Por Carlos Leen Santiago
- 11/03/2010

Turma nova no pedaço: Banda Dreamers
Graças há uma maior facilidade em adquirir equipamentos e acessórios que permitem melhor elaboração dos ensaios, ou então pela difusão maior de idéias via internet o numero de artistas ligados a musica em Imperatriz tem crescido muito de uns dez anos pra cá. Tanto em qualidade quanto em quantidade
Em especial o estilo rock, e seus sub-gêneros tem despertado na galera jovem o desejo de pegar num instrumento, mas não é de hoje que esse fascínio pela musica mais “pancada” acontece e as coisas parecem estar mais “fáceis”. Leia bem: PARECEM.
No começo dos anos noventa havia dificuldades mil para quem se atrevesse a montar uma banda. E não era só por falta de estrutura física, mas também devido há o enorme preconceito que de certa forma diluía a boa vontade de quem tocava. Hoje em dia até na Malhação (seriado da Globo) há uma banda de rock tocando. Nos 90 isso era quase “maldito” em Imperatriz.
Por aqui havia uma divulgação artesanal do trabalho das bandas desconhecidas através da famosa fita k7, mas no geral quase nenhum grupo chegou a gravar alguma coisa, salvo a Noiseverm (já em 2000) e a obscura banda Mistyc (1994), de heavy metal, que contava na época com o atual blogueiro Samuel Souza nos vocais.
Outras bandas com excelente trabalho chegariam a sacudir a cidade, como por exemplo a banda de punk grunge Nirvana Couver, com o lendário Magôo nas guitarras. Em época de Feira de Arte podíamos ter a certeza de sempre contar com a participação de projetos do vocalista Hernande Loius, hoje em dia Nanny Vieira, que chegou ainda a gravar um CD mais recentemente e teve de ir embora pra Goiânia disputar o todo poderoso mercado. Nanny sempre tocava/cantava grandes clássicos do rock com seu timbre de voz muito característico com o da banda americana REM.
De 1996 a 2000 tivemos uma verdadeira letargia no cenário musical e as bandas de rock sumiram da cidade. Mesmo que esporadicamente acontecessem shows pequenos com bandas de fora, os artistas imperatrizenses não ficaram atuando localmente e tiveram que ir embora. Mauro Izzy grande baixista e componente da extinta Legião Urbana Couver arrumou as malas e se mandou pra ilha junto com o maluco beleza Wilson Zara, na época Zara era puro rock in roll com seu grupo “Flor de Cactus”.

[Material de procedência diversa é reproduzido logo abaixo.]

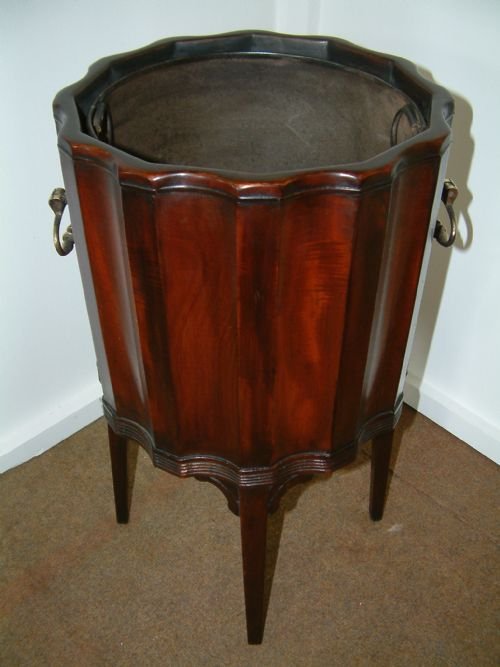 Mahogany Planter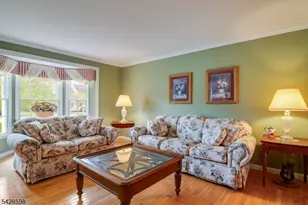 14 Chelsea Dr, Jefferson Township, NJ 07438 - Photo 5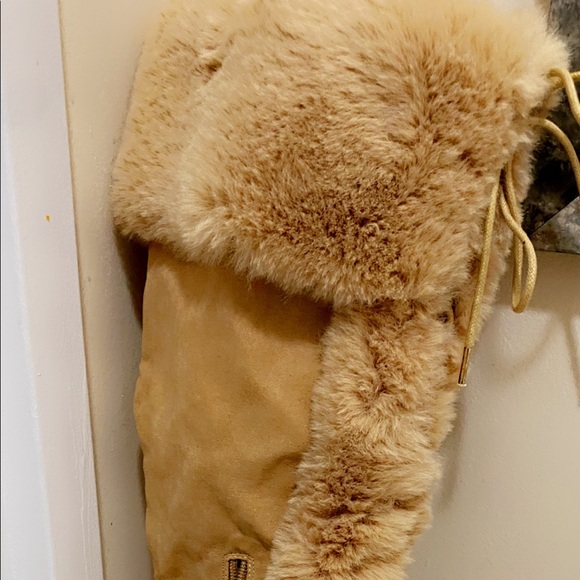 Boots - Picture 3 of 3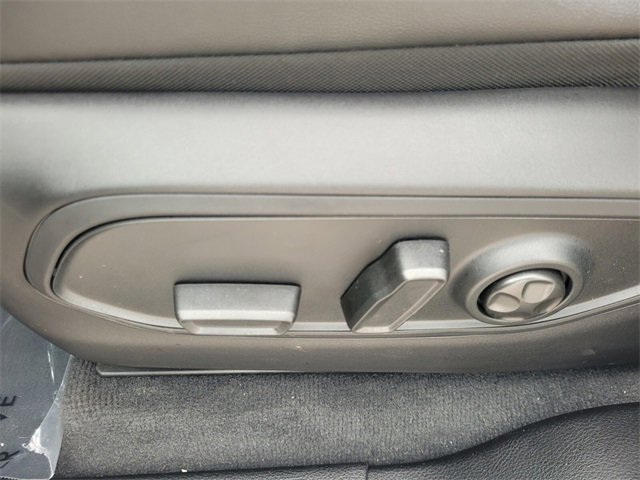 New 2025 Jeep Grand Cherokee Altitude image 5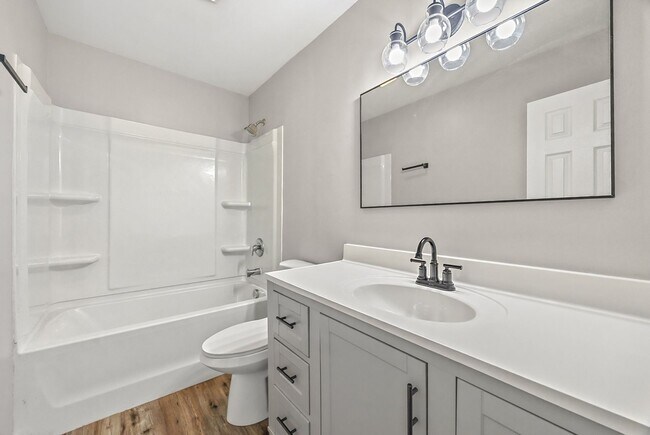 Building Photo - Newly renovated, adorable 3-bedroom, 1-bat...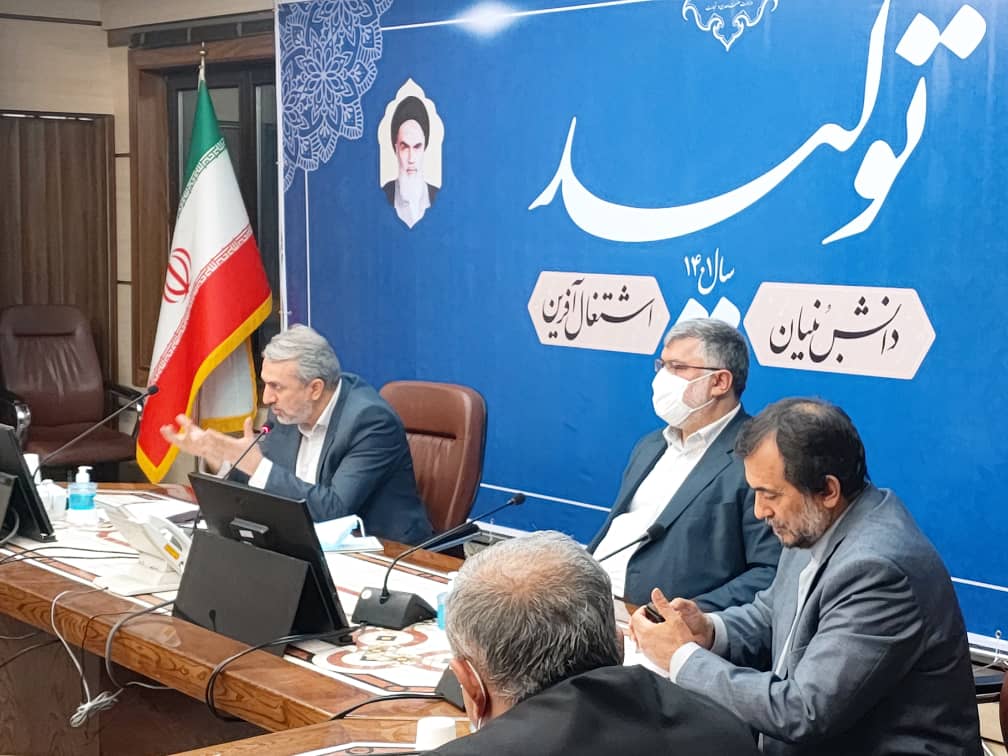 نشست مشترک استاندار، اعضای مجمع نمایندگان استان و جمعی از مدیران استانی با وزیر صنعت، معدن و تجارت،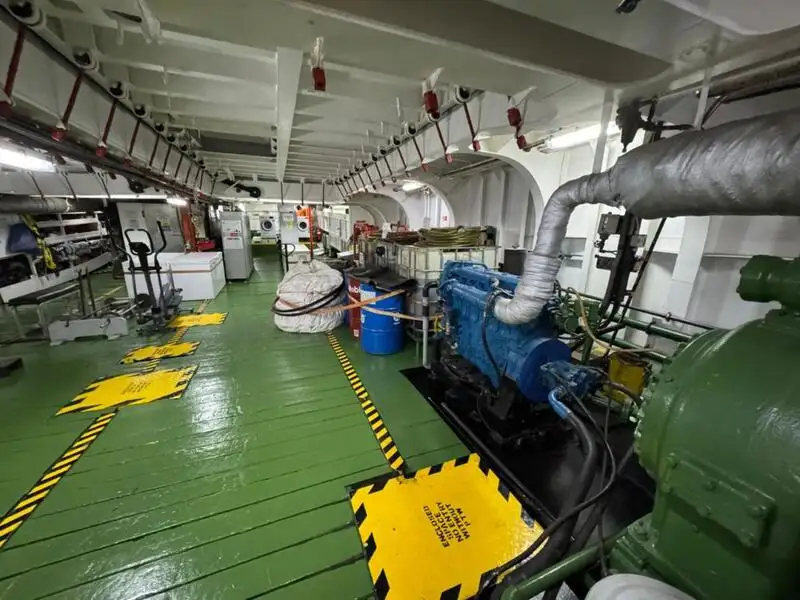 Navio porta-contêineres à venda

Nos dias atuais graças a mudanças profundas no quadro cultural, por meio do acesso há novas tecnologias, na cidade, houve um significativo crescimento da cena musical, isso se exprime claramente nas apresentações na noite e no constante volume de festivais acontecendo em Imperatriz. Não obstante a tudo isso, tocar numa banda é uma despesa de tempo e dinheiro ainda para poucos.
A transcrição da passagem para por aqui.